A presidential statement on a mass shooting might have once seemed like a major moment. Now, it’s just another rote step in a numb ritual of response to mass shootings. Time and again, President Obama has stepped to a lectern to deliver a string of increasingly frustrated statements about gun violence in America.
Obama hasn’t yet made a statement from the White House, but he was sitting for an interview with CBS shortly after being briefed on the shooting, as details were still emerging, and told Norah O’Donnell this:
The one thing we do know is that we have a pattern now of mass shootings in this country that has no parallel anywhere else in the world, and there's some steps we could take, not to eliminate every one of these mass shootings, but to improve the odds that they don't happen as frequently, commonsense gun-safety laws, stronger background checks and you know, for those who are concerned about terrorism of, you know, some may be aware of the fact that we have a no fly list where people can't get on planes but those same people who we don't allow to fly could go into a store right now in the United States and buy a firearm and there's nothing that we can do to stop them…. We should never think that this is something that just happens in the ordinary course of events, because it doesn't happen with the same frequency in other countries.
The president previously made news with a furious statement at the start of October after the shooting at Umpqua Community College in Oregon, when he said, “This is a political choice that we make to allow this to happen every few months in America.
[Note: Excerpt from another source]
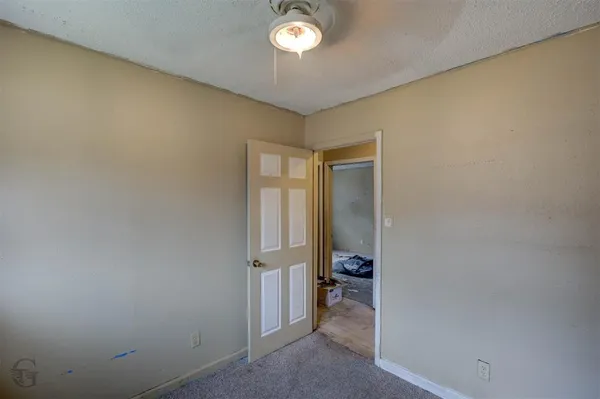 an empty room with a mirror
We collectively are answerable to those families who lose their loved ones because of our inaction.” Those comments were in line with a rhetorical shift that Adam Chandler noted in July, in which Obama has begun speaking more specifically about the easy availability of guns to those who would do harm.
The one thing that seems to unite the president’s recent statements on mass shootings is his consistent focus on the uniqueness of American gun violence, paired with an angry resignation. “There is always an odd accusatory tone to POTUS comments like this,” the writer and Republican strategist Stuart Stevens said on Twitter. “As if he were social critic not nation’s leader.”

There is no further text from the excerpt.